Economics

Monetary Base

Published Oct 25, 2023

Definition of Monetary Base

The monetary base, also known as high-powered money, refers to the total amount of currency in circulation and reserves held by commercial banks at the central bank. It is the foundation of a country’s money supply and forms the basis for the creation of additional money through the banking system.

Example

To better understand the concept of the monetary base, let’s consider a hypothetical example. Assume that the central bank of a country has issued currency worth $100 million and the commercial banks in the country hold reserves of $50 million at the central bank. In this case, the monetary base would be $150 million ($100 million in currency + $50 million in reserves).

When the central bank buys government securities from commercial banks, it increases the reserves held by the banks. This, in turn, expands the monetary base.
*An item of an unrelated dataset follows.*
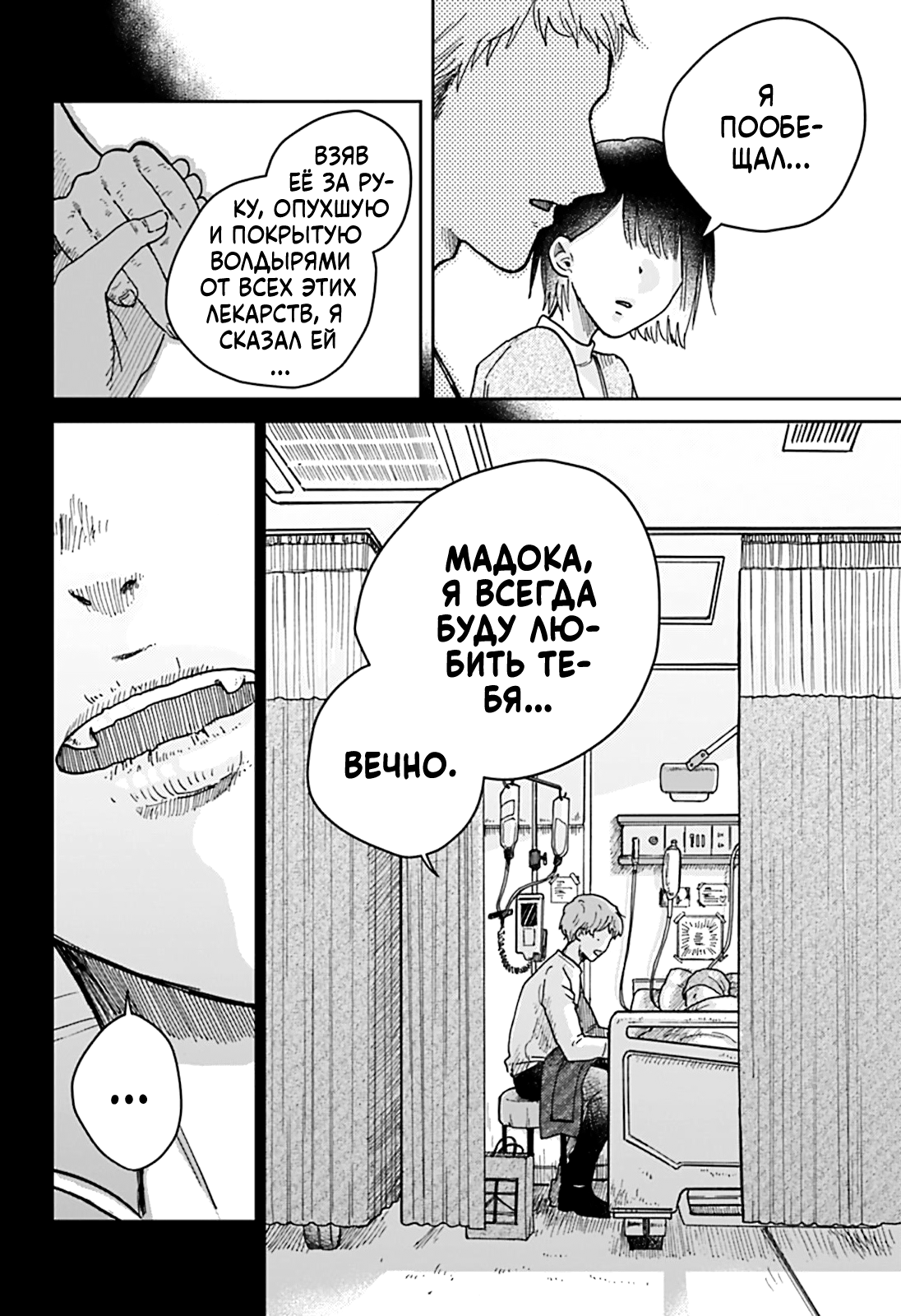 Nibanme no Unmei Oneshot 第41页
Conversely, when the central bank sells government securities to commercial banks, it decreases the reserves and contracts the monetary base.

Why Monetary Base Matters

The monetary base is an essential tool used by central banks to influence the money supply and manage the economy. By adjusting the level of reserves held by commercial banks, the central bank can control the amount of money in circulation. This allows central banks to implement monetary policy, such as stimulating economic growth or controlling inflation rates. Understanding the monetary base helps economists, policymakers, and investors analyze and predict the impact of central bank actions on the economy.